_Problem to solve_
In this exercise, retype exactly the lines from the start of the entries through the line bearing "Horloge murale en", leaving every picture out.
· · · ·
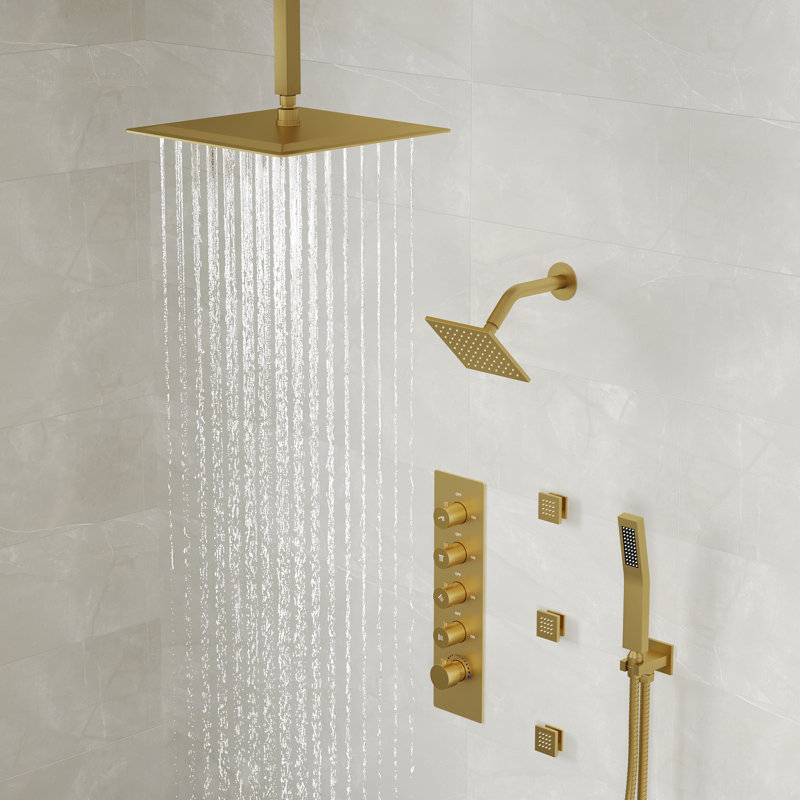 Système de pomme de douche thermostatique double, robinet de douche à pluie haute pression de 16 po avec douchette et jet pour le corps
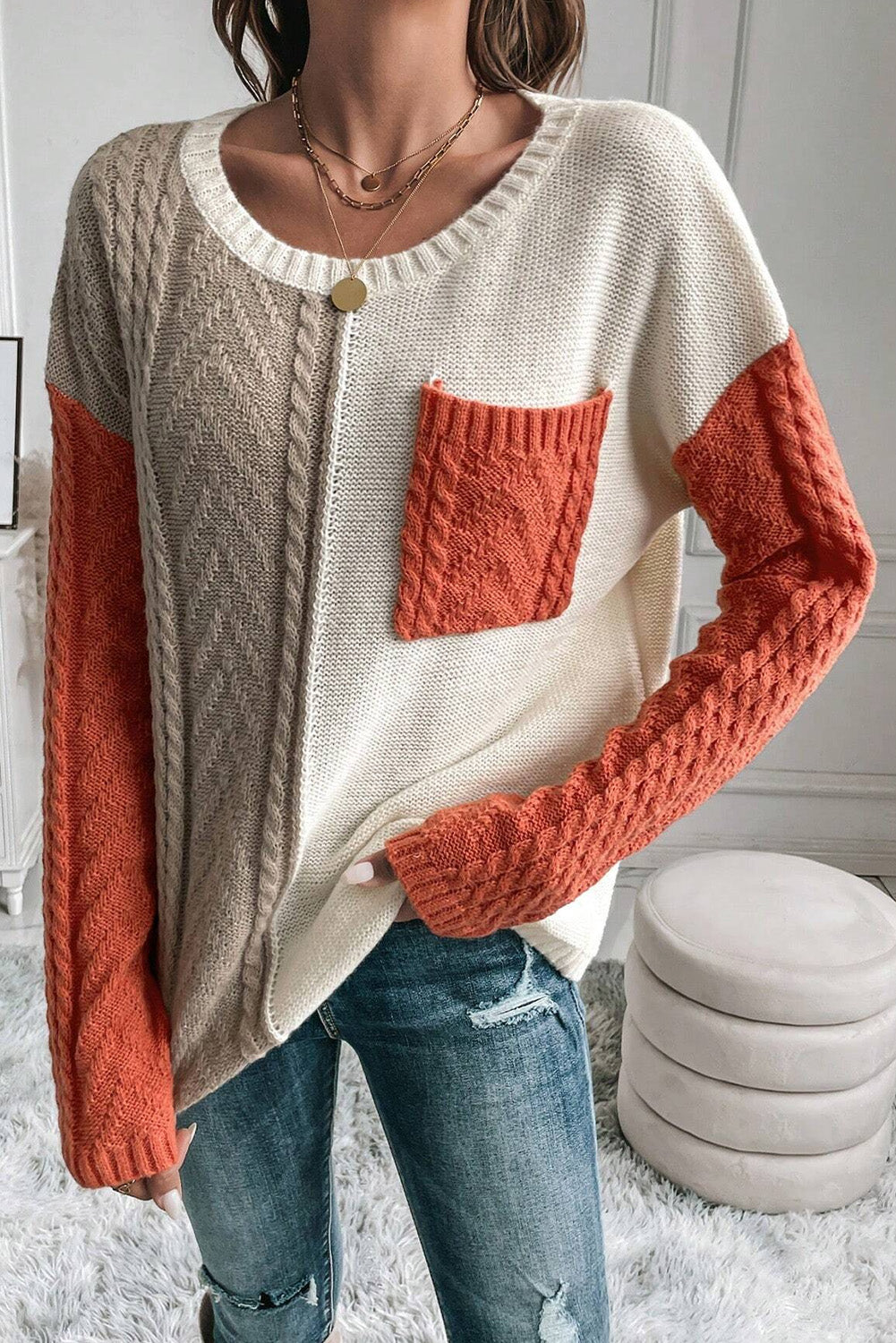 Gold Flame Colorblock Pocket Drop Shoulder Sweater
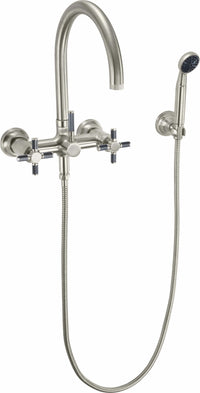 California Faucets - 1006-30XF.20-SN - Industrial Wall Mount Tub Filler - Arc Spout - Satin Nickel  - Descanso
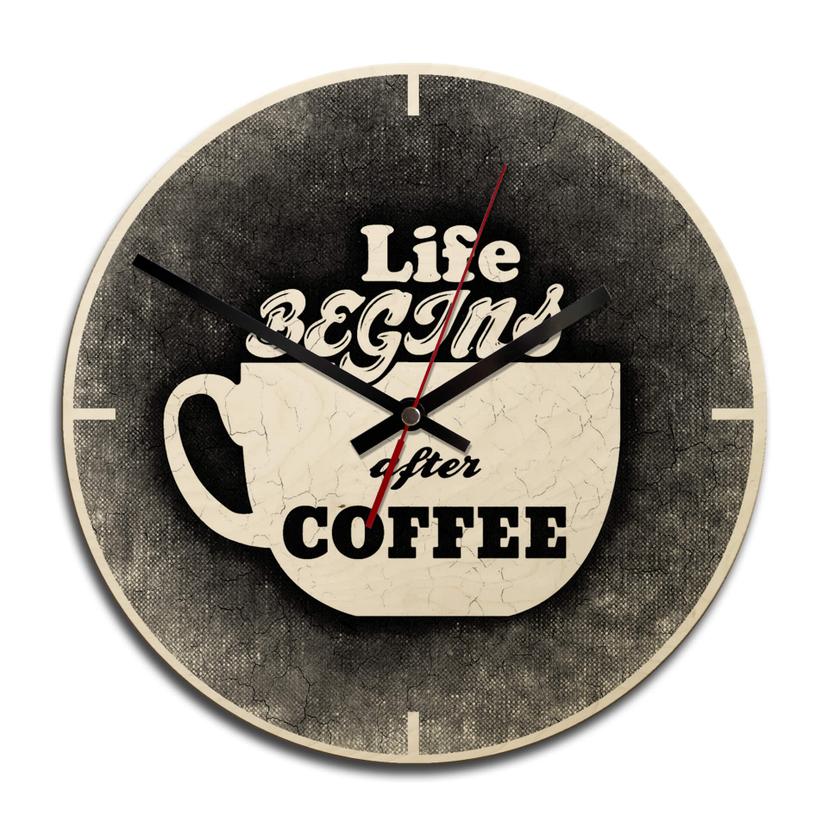 Horloge murale en bois - Life begins after Coffee 02
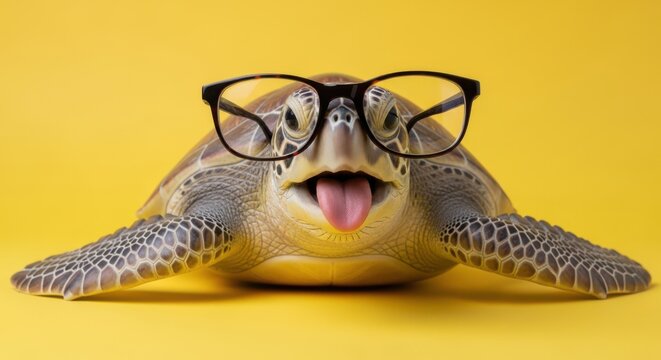 Funny turtle wearing glasses sticking out tongue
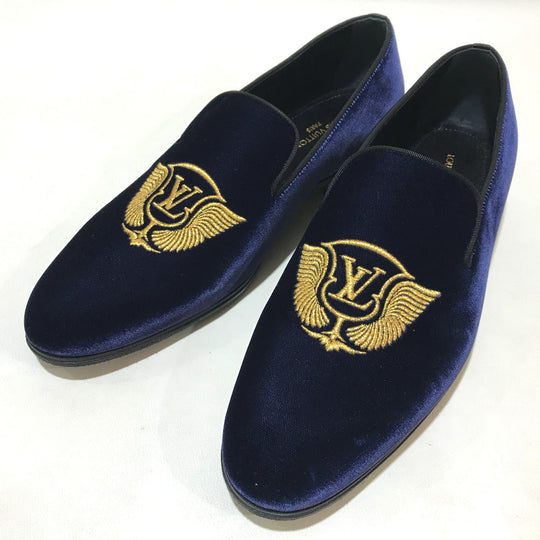 LOUIS VUITTON Dress shoes 1A32RS velvet Navy Business shoes Auteuil line mens 6M Used Authentic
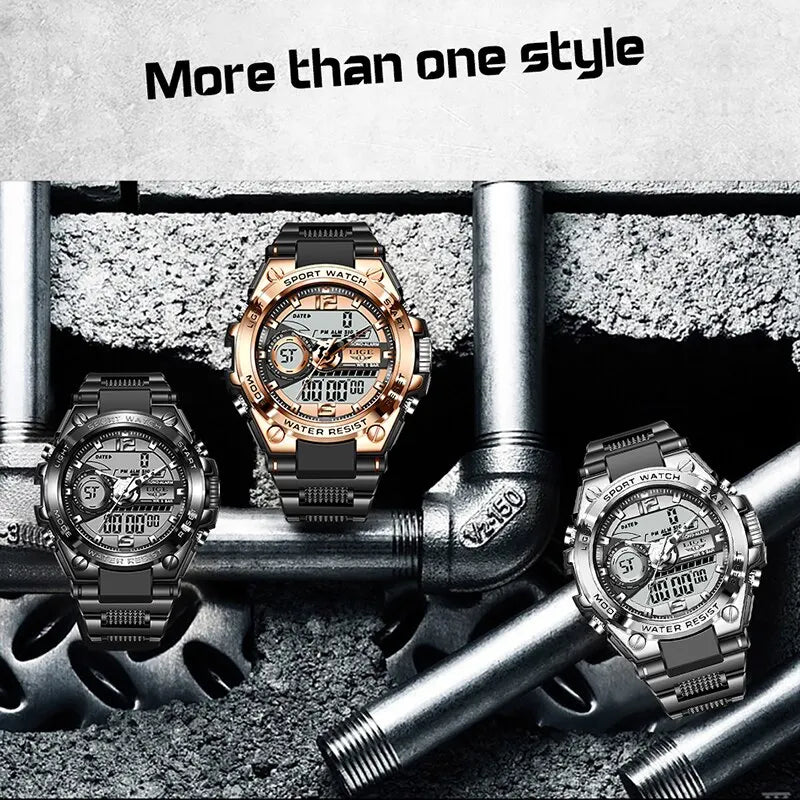 LIGE Men's Digital Sport Military Watch 50m Waterproof LED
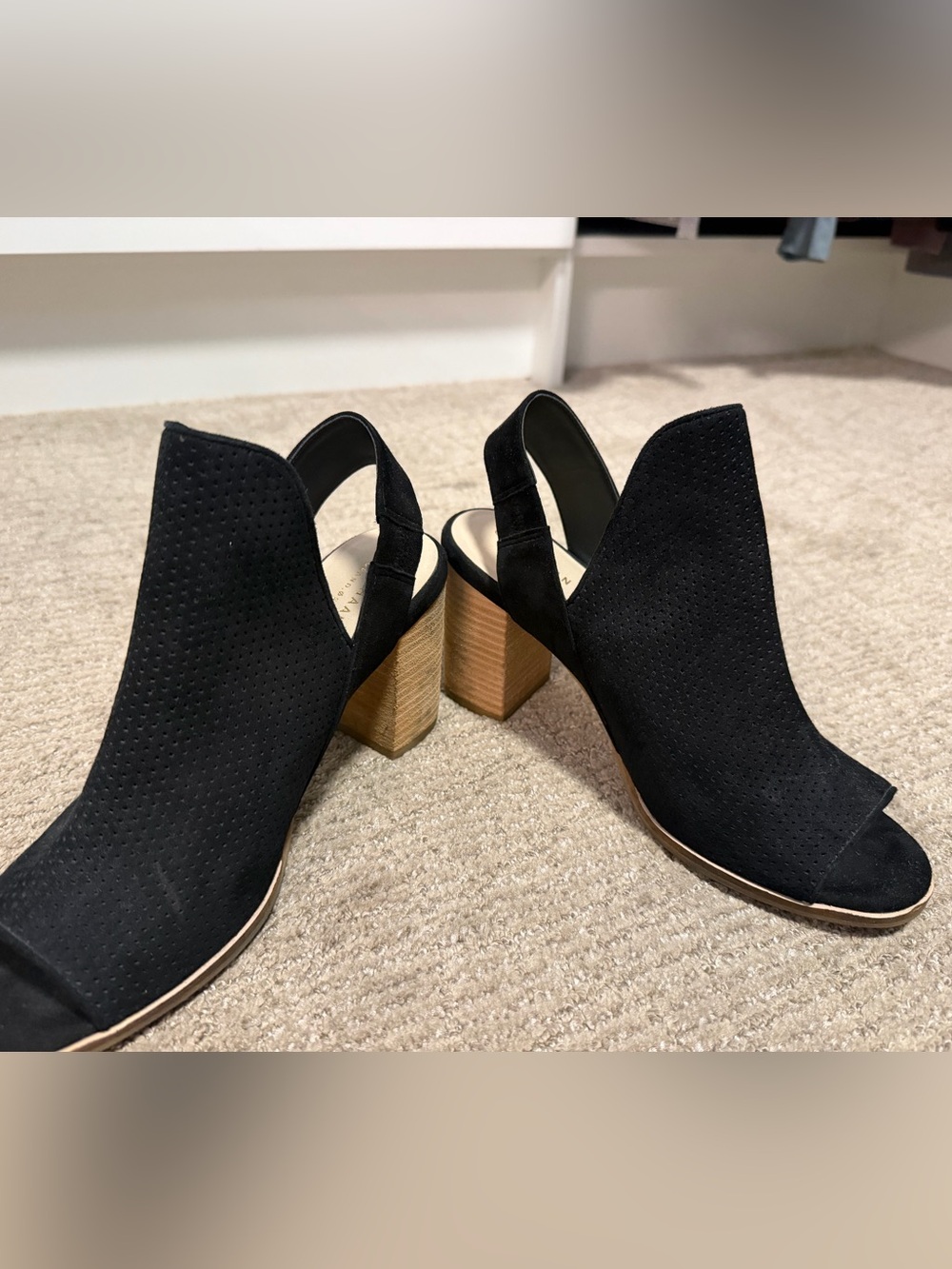 Cole Haan Black Suede Slingback Block Heels with Wood-Look Heel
· · · ·
_Response below_
 Système de pomme de douche thermostatique double, robinet de douche à pluie haute pression de 16 po avec douchette et jet pour le corps
 Gold Flame Colorblock Pocket Drop Shoulder Sweater
 California Faucets - 1006-30XF.20-SN - Industrial Wall Mount Tub Filler - Arc Spout - Satin Nickel  - Descanso
 Horloge murale en bois - Life begins after Coffee 02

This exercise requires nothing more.